The Organization also cast a long shadow over her marriage. Though Aws had always wanted a baby, Abu Muhammad asked her to take birth control pills, still available at Raqqa’s pharmacies. When she pressed him, he said his commanders had advised fighters to avoid getting their wives pregnant. New fathers would be less inclined to volunteer to carry out suicide missions.
This was one of the early, devastating moments when Aws saw that there would be no normalcy or choice; the Islamic State was a third partner in her marriage, there in the bedroom. “At first, I used to keep bringing it up, but it really upset him, so I stopped,” she said.
Azadeh Moaveni
More reports about the harsh lives of women under ISIS rule – this time we’re talking about ‘collaborators’, women who tried to adapt and work within The Organization and ultimately couldn’t live with those kinds of compromises. Judging by the way it insists on inhabiting and controlling every aspect of human life – including the private relationship between husband and wife – ISIS really is becoming the Fascist state of the 21st century.
Many women were arriving from Europe.
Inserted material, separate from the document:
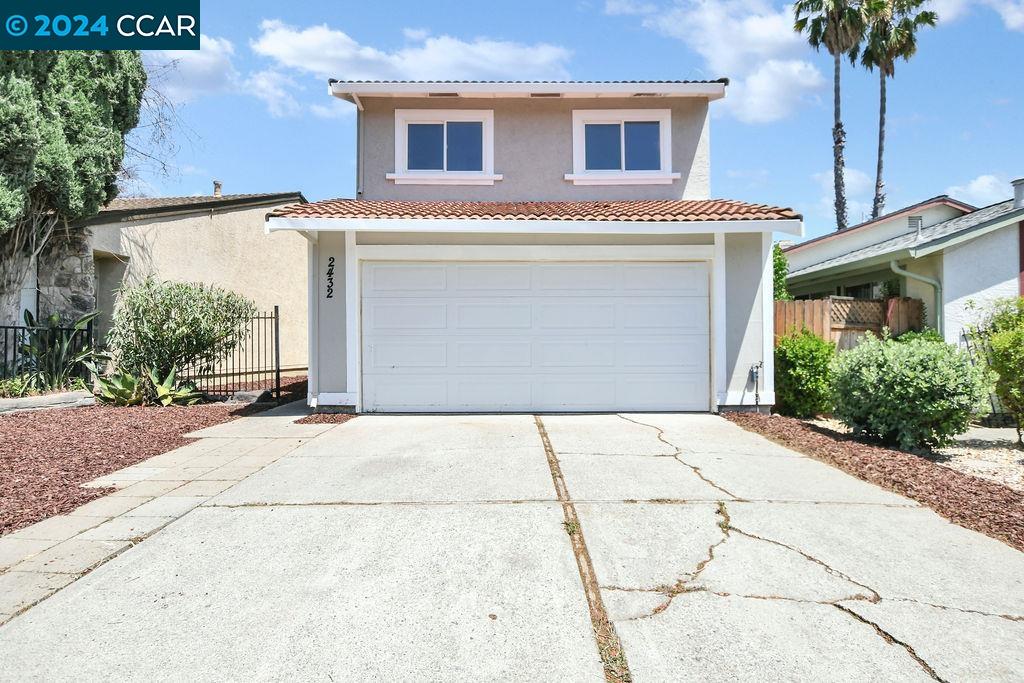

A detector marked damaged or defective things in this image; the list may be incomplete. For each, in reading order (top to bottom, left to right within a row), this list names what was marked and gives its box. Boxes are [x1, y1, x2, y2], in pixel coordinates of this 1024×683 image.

driveway crack [536, 416, 632, 683]
driveway crack [612, 414, 740, 500]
One spring night this year, Asma and her crew received three British girls, dressed in Western clothes but with their hair covered. “They were so young, tiny, and so happy to have arrived, laughing and smiling,” she recalled.
She accompanied them to a hostel and helped them get settled. As with most of the foreigners she escorted, she did not see them again. It was only later that she saw their faces plastered across the Internet, identified as schoolgirls from Bethnal Green in London, migrating by choice to join the Islamic State.
Asma was bewildered by their decision to so cheerfully embrace a life that was sapping her every single day.